__Problem description__:
Only the lines from the one with "Дом в станица" through the end of the data below belong in the answer, restated word for word, pictures excluded.

__Input material__:
⁂
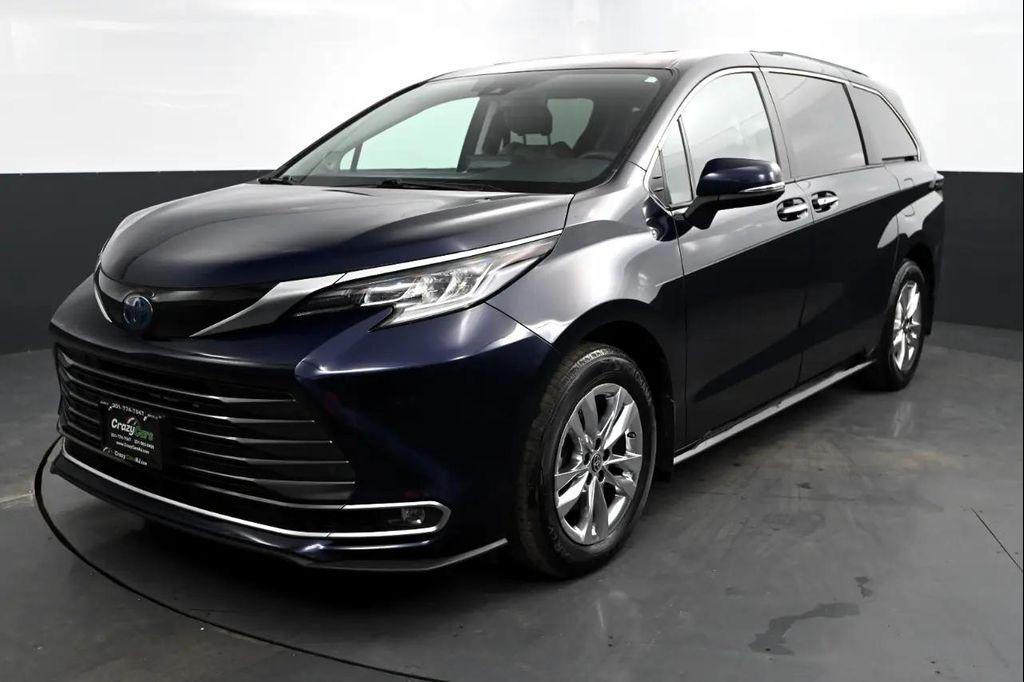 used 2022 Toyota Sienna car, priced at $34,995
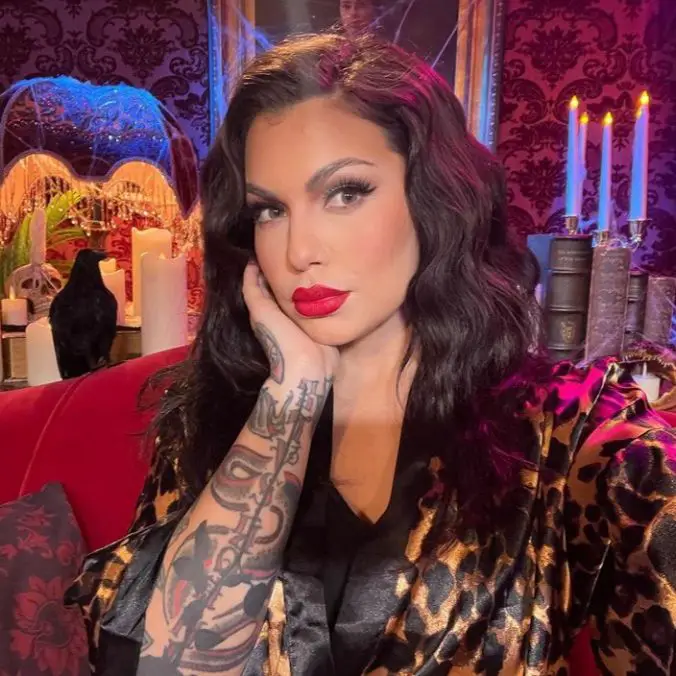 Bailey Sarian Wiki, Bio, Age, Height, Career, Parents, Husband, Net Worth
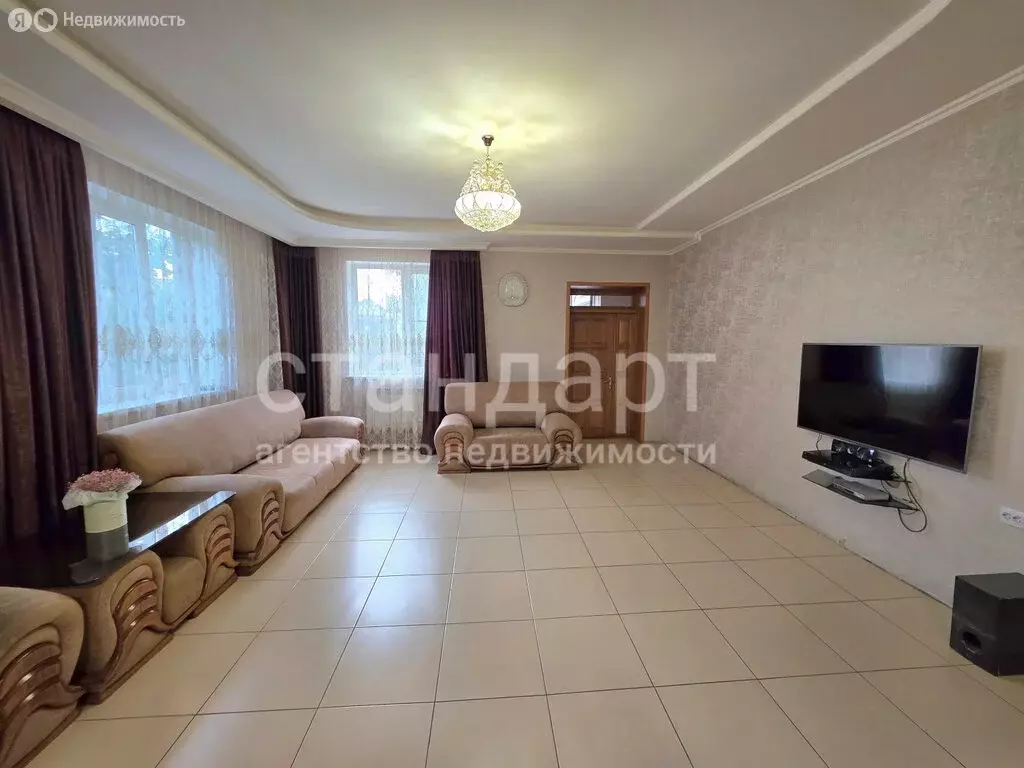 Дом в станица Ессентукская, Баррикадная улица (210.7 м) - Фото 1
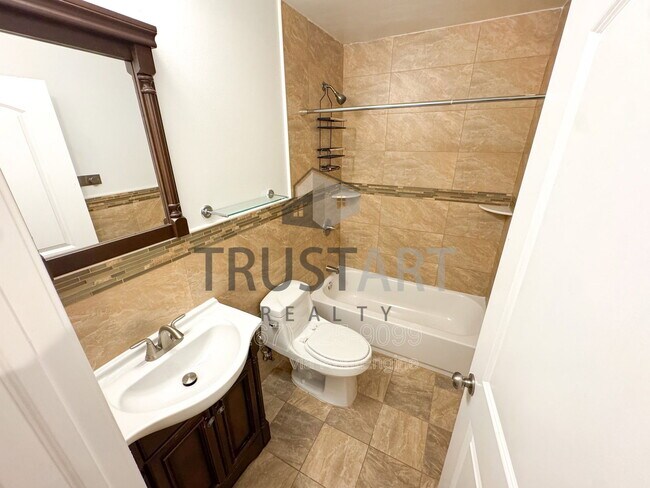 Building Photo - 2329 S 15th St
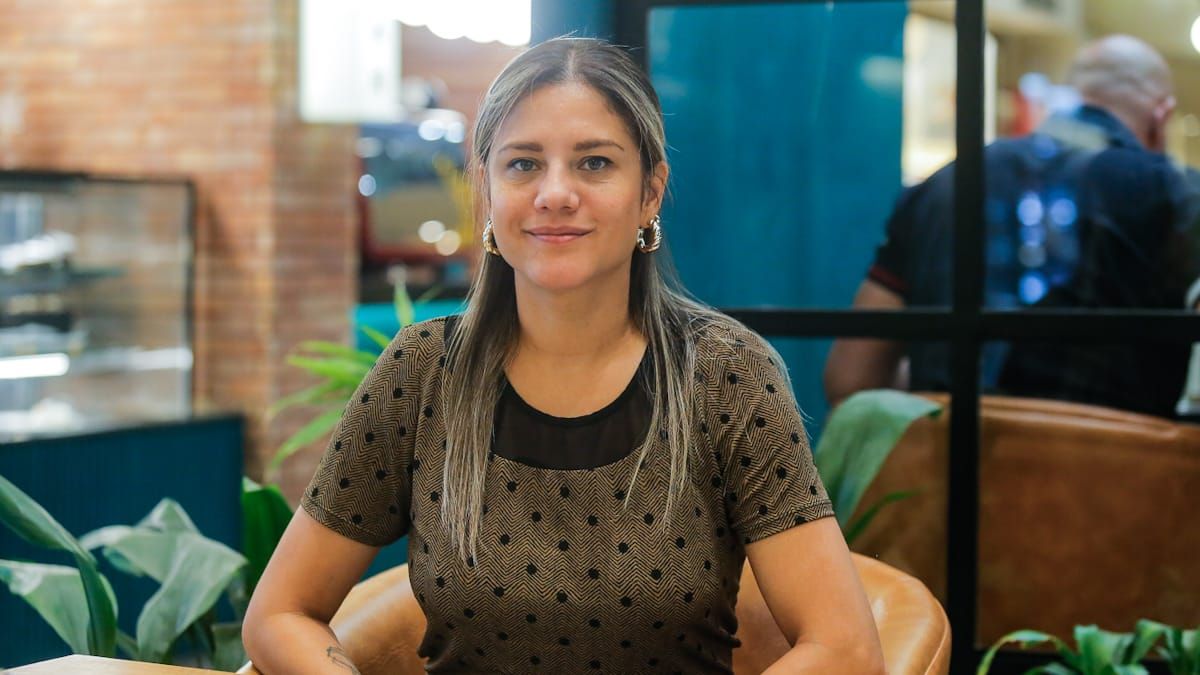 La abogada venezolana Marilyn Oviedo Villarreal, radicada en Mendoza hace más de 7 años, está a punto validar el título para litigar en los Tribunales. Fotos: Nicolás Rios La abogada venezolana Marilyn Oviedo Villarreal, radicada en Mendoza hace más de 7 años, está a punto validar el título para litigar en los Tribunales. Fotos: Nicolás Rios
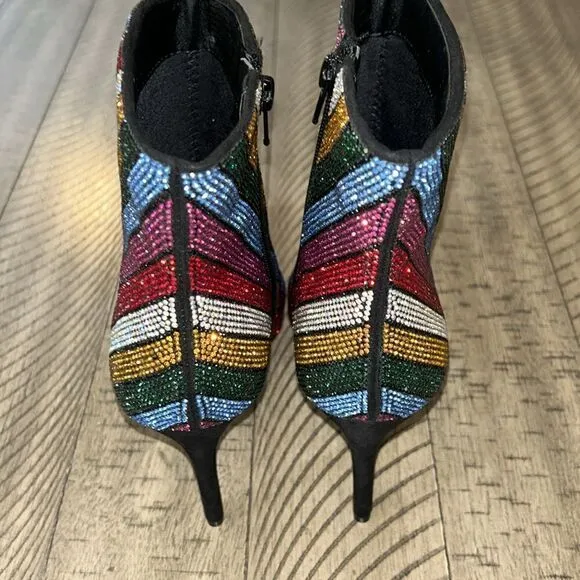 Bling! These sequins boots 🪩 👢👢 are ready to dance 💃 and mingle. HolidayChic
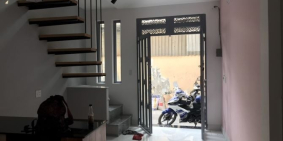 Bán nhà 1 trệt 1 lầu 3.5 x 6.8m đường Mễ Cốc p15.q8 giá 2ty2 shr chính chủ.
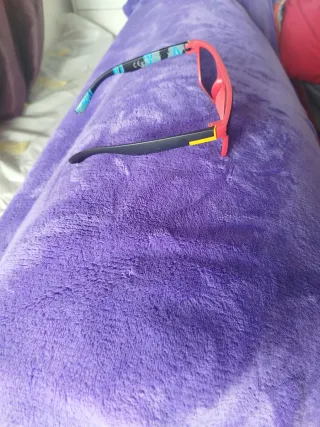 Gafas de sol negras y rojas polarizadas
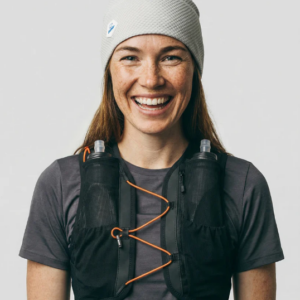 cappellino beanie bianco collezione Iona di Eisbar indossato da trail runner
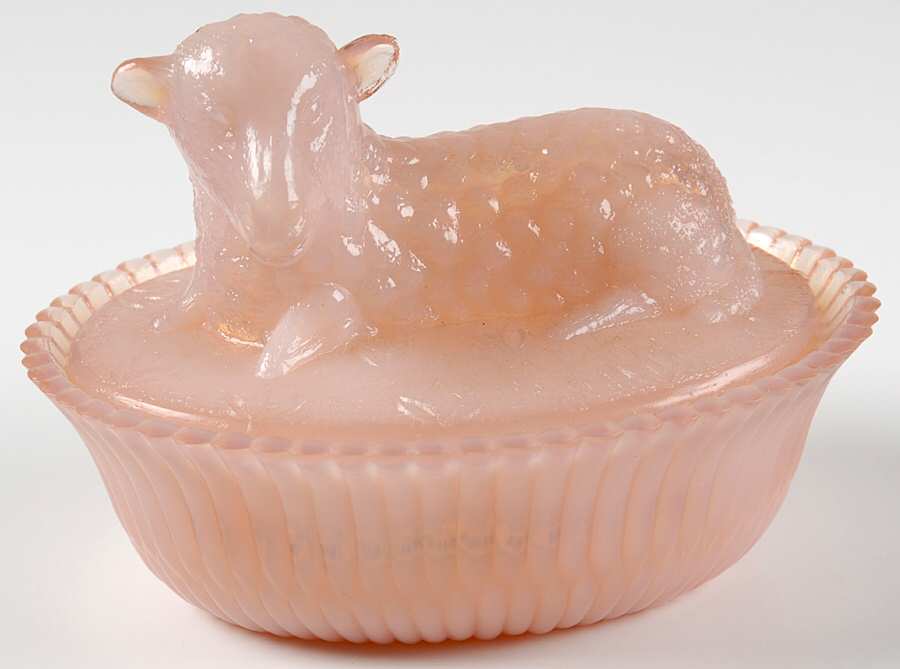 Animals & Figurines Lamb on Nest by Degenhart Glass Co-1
⁂
__Solved problem__:
 Дом в станица Ессентукская, Баррикадная улица (210.7 м) - Фото 1
 Building Photo - 2329 S 15th St
 La abogada venezolana Marilyn Oviedo Villarreal, radicada en Mendoza hace más de 7 años, está a punto validar el título para litigar en los Tribunales. Fotos: Nicolás Rios La abogada venezolana Marilyn Oviedo Villarreal, radicada en Mendoza hace más de 7 años, está a punto validar el título para litigar en los Tribunales. Fotos: Nicolás Rios
 Bling! These sequins boots 🪩 👢👢 are ready to dance 💃 and mingle. HolidayChic
 Bán nhà 1 trệt 1 lầu 3.5 x 6.8m đường Mễ Cốc p15.q8 giá 2ty2 shr chính chủ.
 Gafas de sol negras y rojas polarizadas
 cappellino beanie bianco collezione Iona di Eisbar indossato da trail runner
 Animals & Figurines Lamb on Nest by Degenhart Glass Co-1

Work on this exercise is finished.